Der Hebesatz ist das individuelle Steuerungselement der Gemeinden, mit dem der Grundsteuerbetrag noch einmal erheblich in die Höhe geschraubt werden kann. Im Bundesdurchschnitt liegt der Hebesatz bei 410 Prozent. Je nach Bundesland, Stadt oder Gemeinde können sich jedoch erhebliche Unterschiede ergeben. Dabei spielen die Größe der Kommune oder deren Einwohnerzahl keine bestimmende Rolle.

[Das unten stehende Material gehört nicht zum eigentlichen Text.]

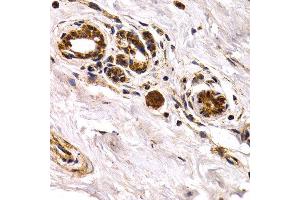 Immunohistochemistry of paraffin-embedded human normal breast using CHI3L1 antibody at dilution of 1:200 (400x lens). (CHI3L1 antibody)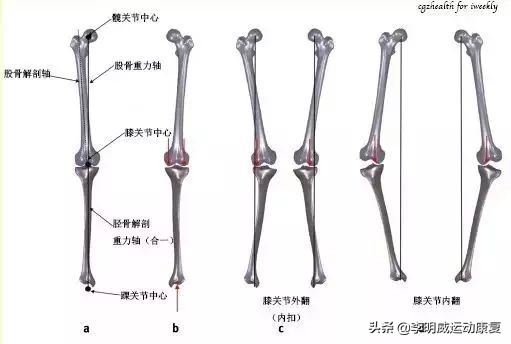 o型腿的自我鉴别及矫正方法,怎么知道o型腿是不是在慢慢变好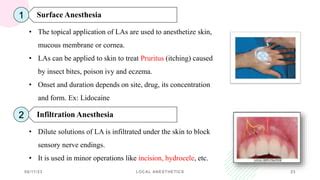 Surface Anesthesia 的图像结果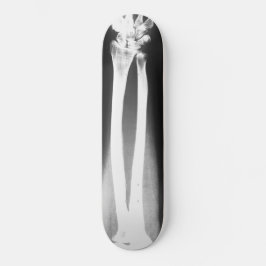 Skateboard Breaks av Bradley Boness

Die Spitzenposition hält die Gemeinde Nauheim in Hessen mit einem Hebesatz von 960 Prozent, gefolgt von Bergneustadt in Nordrhein-Westfalen mit 959 Prozent. Aber es gibt auch das andere Ende der Hebesatzskala: Zwölf Gemeinden verlangen gar kein Hebesatz, darunter gleich fünf in Rheinland-Pfalz oder vier in Schleswig-Holstein.
Eine Beispielrechnung:
Berlin | Hamburg | Potsdam | ||
---|---|---|---|---|
Einheitswert Grundstück | 50.000 € | 50.000 € | 50.000 € | |
x | Steuermesszahl | 3,5 ‰ | 3,5 ‰ | 3,5 ‰ |
= | Grundsteuermessbetrag | 175,00 € | 175,00 € | 175,00 € |
x | Hebesatz | 810 % | 540 % | 493 % |
= | Grundsteuer (Jahr) | 1.417,50 € | 945,00 € | 862,75 € |
Bei einem gleichwertigen Grundstück in den Städten Berlin, Hamburg oder Potsdam fällt die Grundsteuer aufgrund des Hebesatzes unterschiedlich hoch aus.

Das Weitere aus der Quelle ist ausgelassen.